The Little Stranger is a very disturbing read. It's a long time since I read anything that frightened me so much that I was scared to turn out the light (and not dare go to the loo!). It's a modern Gothic ghost story - modern but actually set just after the Second World War. It's complex and intriguing, working on many different levels which I won't pontificate about here as this is not a book review blog. But apart from enjoying the thrill of a well-written supernatural tale and the craft of an excellent author, I loved the period detail. The post-war period is not one often featured in historical fiction, being far less glamorous than the war years themselves, or the inbetween war years either. Sarah Waters' observations on class and society, and her examination of the decay of a way of life that had vanished by the end of the century made fascinating and compulsive reading.
So when I arrived at Llangoed Hall for our weekend stay, my head was still spinning with ghosts, large country houses and all sorts of period detail. Reading the scrap book about the history of the place really put me in mind of Hundreds Hall, the stately home in The Little Stranger. Both had suffered dreadful decay and neglect, and but for Sir Bernard Ashley, Llangoed may have gone the same way as the doomed fictional mansion. I was delighted, on entering the beautiful Drawing Room, to discover a metal fire-curtain in use. In The Little Stranger, Waters describes a metal fire curtain in detail and although I'd never seen or even heard of such a thing before, I'd been able to picture it clearly. And there was one for real at Llangoed Hall!
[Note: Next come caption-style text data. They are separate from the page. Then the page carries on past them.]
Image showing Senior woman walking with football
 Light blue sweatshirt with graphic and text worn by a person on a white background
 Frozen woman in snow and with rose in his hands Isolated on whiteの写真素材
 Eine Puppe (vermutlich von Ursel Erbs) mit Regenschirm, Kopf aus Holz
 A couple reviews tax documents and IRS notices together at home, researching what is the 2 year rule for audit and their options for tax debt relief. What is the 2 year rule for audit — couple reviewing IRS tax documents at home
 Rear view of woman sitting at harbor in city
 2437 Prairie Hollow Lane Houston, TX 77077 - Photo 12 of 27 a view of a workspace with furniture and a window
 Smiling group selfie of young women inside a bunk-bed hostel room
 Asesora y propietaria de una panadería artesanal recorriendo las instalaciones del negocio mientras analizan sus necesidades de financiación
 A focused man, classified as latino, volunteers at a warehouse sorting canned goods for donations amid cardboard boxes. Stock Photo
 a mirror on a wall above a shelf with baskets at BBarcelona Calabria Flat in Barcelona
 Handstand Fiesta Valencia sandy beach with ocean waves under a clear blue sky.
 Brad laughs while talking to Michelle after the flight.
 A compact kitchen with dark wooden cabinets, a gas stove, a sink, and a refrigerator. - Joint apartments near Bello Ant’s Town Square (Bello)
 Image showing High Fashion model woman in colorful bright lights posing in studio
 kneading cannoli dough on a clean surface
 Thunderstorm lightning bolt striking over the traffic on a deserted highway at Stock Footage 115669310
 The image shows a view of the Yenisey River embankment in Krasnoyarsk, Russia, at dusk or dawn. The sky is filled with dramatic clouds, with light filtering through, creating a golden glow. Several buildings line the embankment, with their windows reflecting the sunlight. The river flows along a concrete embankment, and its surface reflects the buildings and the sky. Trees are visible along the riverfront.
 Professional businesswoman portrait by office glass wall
Another strange coincidence that weekend happened on the Saturday night. We'd spent a wonderful day out walking in the Brecon Beacons, scrambling into a huge cave mouth, discovering waterfalls and exploring the wild landscape. We'd enjoyed a luxurious bath, dresssed for dinner and eaten a delicious meal. The service in the restaurant was pretty awful - the only negative thing about the hotel - but by changing our booking to an earlier slot we managed to eat at a more reasonable time than the previous night. Unfortunately I'd almost engaged in a punch-up with the man on the table next to us, who was noisily texting during the meal. Poor Mr B has to constantly avert disasters when I get on my high horse! But all was now well, and we were sitting in the Drawing Room near the blazing log fire and its metal curtain that delighted me so, drinking coffee and eating petits-fours.
We got chatting to another couple and had been speaking for about half an hour of this and that, when something jolted in my memory. It turned out that the woman was someone I'd met in Italy, on a holistic holiday, four years ago! We'd only known each other for a week and hadn't seen each other since, but something was said that made both of us suddenly remember each other! It was very strange - and then we spent the next two hours catching up. This really was an unexpected but very welcome twist to our special weekend away, and she and I shall now make sure we keep in touch.
I felt a real reluctance to leave Llangoed Hall, and I'm pretty sure I shall go back there again. There was something quite compelling about the place ... I've since discovered that it's said to be haunted by a boy who committed suicide there in the 1940's. Now I wonder if Sarah Waters has visited the place?